A rather forgotten face of pro-Russian propaganda in Romania takes the form of social or cultural events, some directly sponsored by the Russian Embassy in Bucharest. While such public diplomacy efforts are not uncommon, the online rhetoric accompanying these events—and the fact that many of them coincide with international developments—serve as a reminder of Russia’s growing influence in the country.
This combination of public events and the online presence illustrates the main dimensions of Russian soft power in Romania, which seeks sociocultural and economic rapprochement between the two countries. These narratives hope to show that warming relations with Russia is beneficial and perhaps more logical than completely embracing the West and its values.

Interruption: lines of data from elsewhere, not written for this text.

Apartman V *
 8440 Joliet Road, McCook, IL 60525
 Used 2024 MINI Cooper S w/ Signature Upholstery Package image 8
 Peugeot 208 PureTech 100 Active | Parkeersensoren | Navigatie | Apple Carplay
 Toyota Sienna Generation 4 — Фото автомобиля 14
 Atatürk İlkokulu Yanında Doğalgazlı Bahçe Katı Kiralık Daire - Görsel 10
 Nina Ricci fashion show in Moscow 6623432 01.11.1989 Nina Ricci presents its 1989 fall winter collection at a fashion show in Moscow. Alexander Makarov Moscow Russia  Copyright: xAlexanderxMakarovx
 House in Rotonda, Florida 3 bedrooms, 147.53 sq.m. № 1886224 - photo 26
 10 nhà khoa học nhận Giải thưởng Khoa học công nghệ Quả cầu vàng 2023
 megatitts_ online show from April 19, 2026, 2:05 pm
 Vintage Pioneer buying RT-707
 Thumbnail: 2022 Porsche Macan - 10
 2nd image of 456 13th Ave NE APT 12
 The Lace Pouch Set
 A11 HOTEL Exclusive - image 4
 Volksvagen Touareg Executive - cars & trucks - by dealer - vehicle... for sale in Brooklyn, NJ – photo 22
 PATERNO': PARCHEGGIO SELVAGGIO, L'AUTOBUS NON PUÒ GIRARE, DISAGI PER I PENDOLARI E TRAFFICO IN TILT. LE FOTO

From a cultural perspective, a series of almost daily events on Russian film
, language, tea and poetry—as well as cooking lessons, official meetings
or student gatherings—pop up all the time on Russia-friendly Facebook pages. Some of these include commentaries
on Sputnik News and are repeated in social media blogs
. Others reinforce the Kremlin’s stance on various issues, such as a photo exhibition
offering a “chronicle of war” in Syria organized by the Russian Center for Culture and Science in Bucharest right after the devastating Syrian sarin gas attack. However, no information about attendance is available and events don’t generally merit media attention once they’ve happened. What little information exists is disseminated through Facebook posts and photos, most of which use positive stories about Russia to push the idea that Romania would be better off in its company rather than aligning itself with NATO or the European Union.
This cultural offensive is more interesting in the information space. Older articles
about the respect that Russia has for Romanian culture and pointing to the fact that both Romanians and Russians follow the Orthodox Church and are inheritors of the Byzantine Empire are being republished with the help of social media. Sputnik also appeals
to traditional values, frequently pointing out the moral depravity of democracy and the American way of life. This appeals to the idea of commonality between Romanian and Russian traditional values and culture that Russian propaganda tries to construct in Romania.
Pro-Russian academic endeavors also seem to be multiplying. These range from rather unknown associations
and blogs to major events endorsed by media outlets or Romanian personalities.
Two such gatherings took place in the first half of April. The first was Aleksandr Dugin’s book launch
in Bucharest—a rather poorly attended event, even though it was heavily promoted on the pro-Russian pages of Facebook. More importantly, Romania’s mainstream media gave Dugin—who is known for advocating a cultural and social Eurasian space to which Romania spiritually belongs—the opportunity for more outreach by covering the event and broadcasting interviews
with him. The second was a conference hosted by the Nicolae Titulescu Foundation and led by former Prime Minister Adrian Nastase. Titled European and regional security: Russian and Romanian contributions to strengthening the climate of confidence in the Black Sea region
, the event featured top experts, including an ex-foreign minister and ex-prime minister of Romania.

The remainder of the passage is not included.